Thursday, March 19, 2020

Paiwan Every Day 12: ripung // rinipungan

On Day 10, I was saying COVID-19 comes from China. The Paiwan word I used for China is "tairiku". 

Today in the Japanese class as we were learning about kanjiI read the Japanese word for a continent is precisely 大陸たいりく tairiku


In other words, the person who taught me the word and the person he learnt it from and the teacher to that person who taught the person who taught me and so on...; whoever this person is is no longer possible to know, yet he or she has borrowed from the Japanese an expression for a concept that was not in their original equation. 


This is a loanword. tairiku is one example. Other examples include (just to name a few) sinsi (teacher), situ (student), gaku (school), hikuki (airplane), niciyubi (Sunday) etc. 

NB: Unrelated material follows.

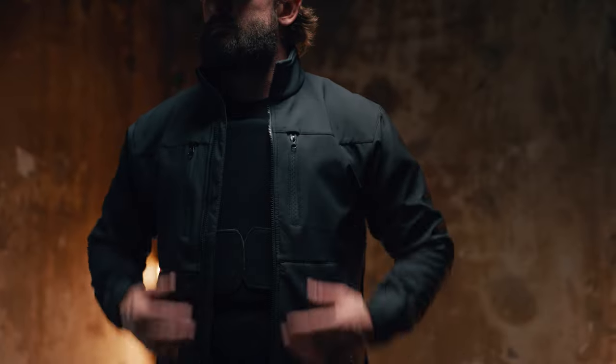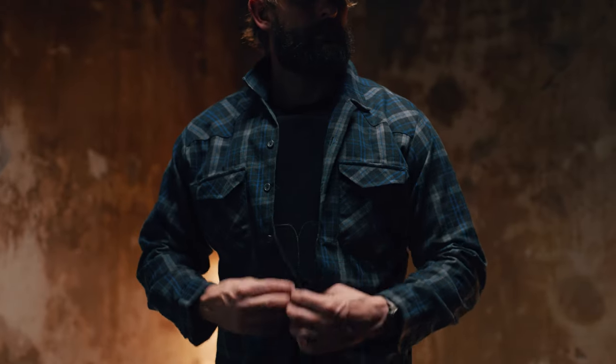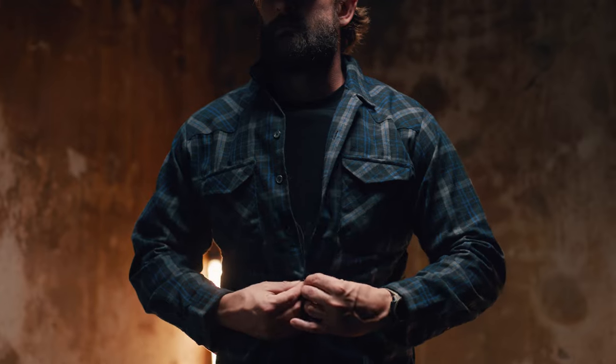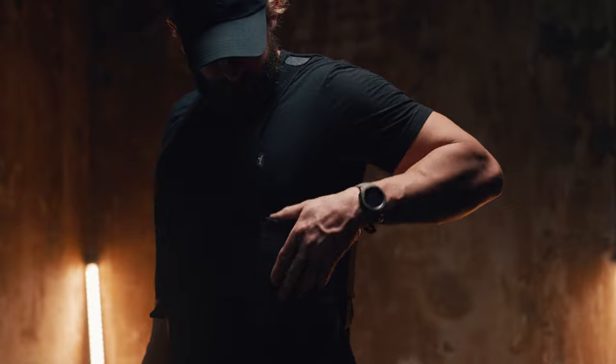Introducing the Premier Body Armor Discreet Plate Carrier. Designed for modularity, comfort, and covert scenarios. Matched with our Stratus plates, you can wear this under any suit or button-up shirt.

According to my fieldwork in 2014, there are hundreds of Japanese loanwords in Paiwan alone and thousands of Japanese loanwords in sixteen indigenous Austronesian languages in total. 

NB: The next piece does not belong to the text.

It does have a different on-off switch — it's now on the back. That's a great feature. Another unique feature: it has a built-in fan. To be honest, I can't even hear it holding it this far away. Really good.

But indigenous peoples do not borrow from Japanese only. Nor do they borrow simply for new inventions; some loanwords are used as a second or third expression for existing concepts. Moreover, twist of meaning often occurs in borrowing. Such indigenous agency in language contact is an interesting research subject. 


Nevertheless for Paiwan, the person who knows and uses many Japanese loanwords in conversation will not be the center of attention. Instead, it is those who can conjure up words and expressions used by elders in the old old past that win all the admiration. 


That's what we are missing, and what we are trying to salvage


nakemasi rinipungan a tairiku. 

In English:
The word "tairiku" comes from Japanese. 

Glossary: 
1. r<in>ipung-an: Japanese language. The root is ripung 'Japan'.